Mobile computing and desktop computing are nonsensical terms. What we’re seeing is the separation of business computing from personal computing—truly personal computing—which up until the last three or four years had been indistinguishable because of hardware.
In 2007, your laptop at home could have been your laptop at work and vice versa. Both used the same hardware and software to perform very different tasks. In 2011, if you have an iOS device, chances are good that the computer you check email with at work looks nothing like the computer you browse the web with at home.
Mobile applications and mobile operating systems are successful because they’re simple. But I believe the simplicity of mobile software is coincidental. People have always wanted the level of simplicity that modern mobile apps afford. However, they couldn’t demand it from the hardware that was available. When given few constraints, developers will cram things into every available pixel.
But that’s just it—smart phones enforce simplicity via hardware constraints. And now that consumers have simpler software, they want it everywhere. That’s why apps are starting to transition back to the Mac from the iPhone and iPad, and it’s why Apple brought things that made iOS easier to use back to the desktop with OS X Lion. It’s happening everywhere. The Iconfactory’s Twitterrific is essentially the same app on the Mac, iPhone, and iPad. Elements of successful, simple design are being added to OmniFocus on the Mac because they worked so well on the iPad.
This explains why the iPad has been successful, too.
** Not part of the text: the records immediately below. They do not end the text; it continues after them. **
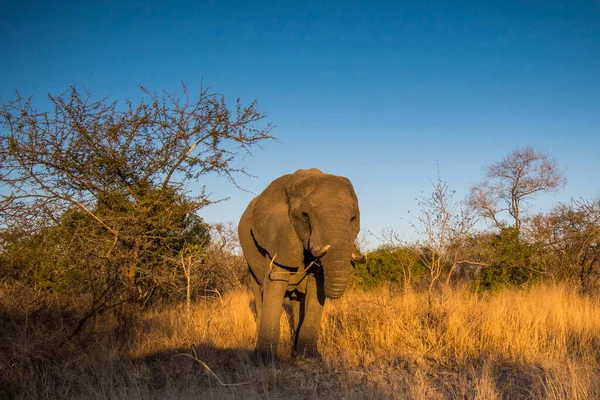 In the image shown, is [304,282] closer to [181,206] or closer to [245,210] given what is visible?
[245,210]

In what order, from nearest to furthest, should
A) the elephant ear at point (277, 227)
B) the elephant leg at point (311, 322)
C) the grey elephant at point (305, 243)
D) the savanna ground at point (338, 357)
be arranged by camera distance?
1. the savanna ground at point (338, 357)
2. the grey elephant at point (305, 243)
3. the elephant ear at point (277, 227)
4. the elephant leg at point (311, 322)

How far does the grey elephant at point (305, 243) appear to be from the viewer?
5727 mm

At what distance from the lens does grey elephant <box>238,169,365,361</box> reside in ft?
18.8

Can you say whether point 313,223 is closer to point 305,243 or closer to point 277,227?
point 305,243

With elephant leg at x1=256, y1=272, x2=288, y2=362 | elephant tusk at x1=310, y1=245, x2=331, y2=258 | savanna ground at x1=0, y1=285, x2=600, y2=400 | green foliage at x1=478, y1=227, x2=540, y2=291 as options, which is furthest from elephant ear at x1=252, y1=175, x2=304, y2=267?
green foliage at x1=478, y1=227, x2=540, y2=291

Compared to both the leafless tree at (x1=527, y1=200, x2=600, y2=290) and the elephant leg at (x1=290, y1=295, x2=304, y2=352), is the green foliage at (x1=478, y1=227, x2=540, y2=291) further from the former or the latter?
the elephant leg at (x1=290, y1=295, x2=304, y2=352)

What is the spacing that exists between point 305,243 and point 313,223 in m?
0.36

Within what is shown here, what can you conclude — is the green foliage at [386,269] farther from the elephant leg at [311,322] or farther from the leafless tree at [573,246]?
the elephant leg at [311,322]

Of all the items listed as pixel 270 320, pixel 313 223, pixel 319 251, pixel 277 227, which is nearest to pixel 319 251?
pixel 319 251

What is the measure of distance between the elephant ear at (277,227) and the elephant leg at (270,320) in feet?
1.30

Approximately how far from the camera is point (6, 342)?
19.6 ft

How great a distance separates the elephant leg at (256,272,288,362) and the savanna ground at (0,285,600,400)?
0.75 ft

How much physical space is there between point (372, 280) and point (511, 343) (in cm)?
761

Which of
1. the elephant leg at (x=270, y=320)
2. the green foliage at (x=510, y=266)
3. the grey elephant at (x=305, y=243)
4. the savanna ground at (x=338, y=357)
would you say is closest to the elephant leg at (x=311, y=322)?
the grey elephant at (x=305, y=243) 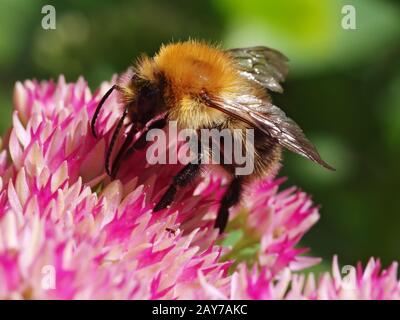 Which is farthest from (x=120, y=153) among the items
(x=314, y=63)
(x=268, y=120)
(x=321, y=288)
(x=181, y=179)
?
(x=314, y=63)

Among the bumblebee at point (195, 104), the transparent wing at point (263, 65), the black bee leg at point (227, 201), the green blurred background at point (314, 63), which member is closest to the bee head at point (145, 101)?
the bumblebee at point (195, 104)

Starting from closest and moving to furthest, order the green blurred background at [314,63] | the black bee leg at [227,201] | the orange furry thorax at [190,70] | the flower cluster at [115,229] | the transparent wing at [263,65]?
the flower cluster at [115,229] < the orange furry thorax at [190,70] < the black bee leg at [227,201] < the transparent wing at [263,65] < the green blurred background at [314,63]

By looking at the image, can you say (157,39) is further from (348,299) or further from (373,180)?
(348,299)

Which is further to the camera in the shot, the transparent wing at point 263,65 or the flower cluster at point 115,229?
the transparent wing at point 263,65

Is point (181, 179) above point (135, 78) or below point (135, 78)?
below

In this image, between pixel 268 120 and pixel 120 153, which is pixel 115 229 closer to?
pixel 120 153

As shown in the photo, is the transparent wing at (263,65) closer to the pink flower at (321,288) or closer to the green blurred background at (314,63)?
the pink flower at (321,288)

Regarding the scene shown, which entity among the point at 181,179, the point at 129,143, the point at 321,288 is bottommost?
the point at 321,288

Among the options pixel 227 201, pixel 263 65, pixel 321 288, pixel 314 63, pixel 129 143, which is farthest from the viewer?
pixel 314 63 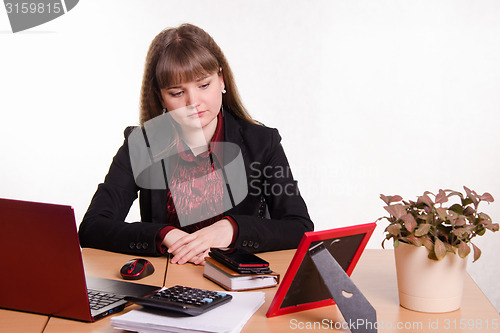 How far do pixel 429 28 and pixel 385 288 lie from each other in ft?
8.75

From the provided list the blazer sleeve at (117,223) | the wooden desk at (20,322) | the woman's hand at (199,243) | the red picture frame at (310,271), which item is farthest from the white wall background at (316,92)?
the wooden desk at (20,322)

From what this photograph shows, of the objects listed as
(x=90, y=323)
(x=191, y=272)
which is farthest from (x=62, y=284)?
(x=191, y=272)

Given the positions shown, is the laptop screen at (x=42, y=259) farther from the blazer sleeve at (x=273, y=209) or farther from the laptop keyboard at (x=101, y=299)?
the blazer sleeve at (x=273, y=209)

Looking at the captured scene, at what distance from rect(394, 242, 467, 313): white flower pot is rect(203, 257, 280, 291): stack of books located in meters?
0.33

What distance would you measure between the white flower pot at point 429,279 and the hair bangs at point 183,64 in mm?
1081

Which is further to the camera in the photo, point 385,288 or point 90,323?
point 385,288

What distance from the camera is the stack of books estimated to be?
1.32 m

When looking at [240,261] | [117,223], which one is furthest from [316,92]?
[240,261]

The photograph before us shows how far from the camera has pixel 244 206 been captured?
217 centimetres

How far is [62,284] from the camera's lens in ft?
3.59

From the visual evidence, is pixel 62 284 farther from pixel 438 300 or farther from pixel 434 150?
pixel 434 150

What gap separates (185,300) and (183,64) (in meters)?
1.06

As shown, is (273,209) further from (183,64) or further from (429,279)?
(429,279)

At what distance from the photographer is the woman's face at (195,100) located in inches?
77.4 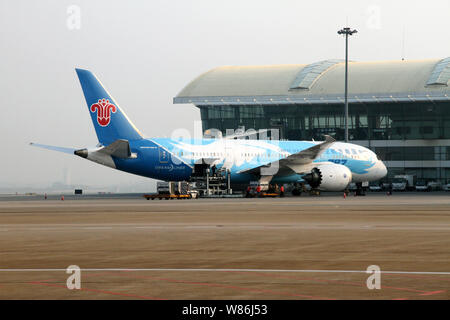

Like the iPhone, it’s a hardware platform that enforces the simplicity that users crave.
I think it’s time we stop calling iOS and Android and WebOS “mobile platforms.” Yes, you can carry them around with you, which makes them inherently mobile. But that’s tantamount to calling your wallet a mobile money container. Phones. Tablets. Slates. There’s a simpler term available to us that gets to the heart of what we’re designing for: personal computers.
And while we’re at it, let’s ditch the euphemisms we’ve adopted. We shouldn’t argue mobile .vs non-mobile as a starting point for design. The crux of that argument is simple vs. complicated. That’s the discussion we should be having, and it will always come down to this: distill your application down to its primary functions, and make those functions as fast and easy to use as you possibly can. Regardless of platform. Regardless of the size of the device. Regardless of OS.
Simple vs. complicated is a platform-agnostic discussion, and it should take place whenever a design decision is being made. People avoid it because it’s a thistle, a tough discussion that often leads to hard questions and passionate, heated arguments. But it has to happen.
We need to remember that, at the end of the day, after we’ve waded through the jargon and the weasel-words and the conflict-avoidance, no matter what device we’re designing for, the goal should always be simple software.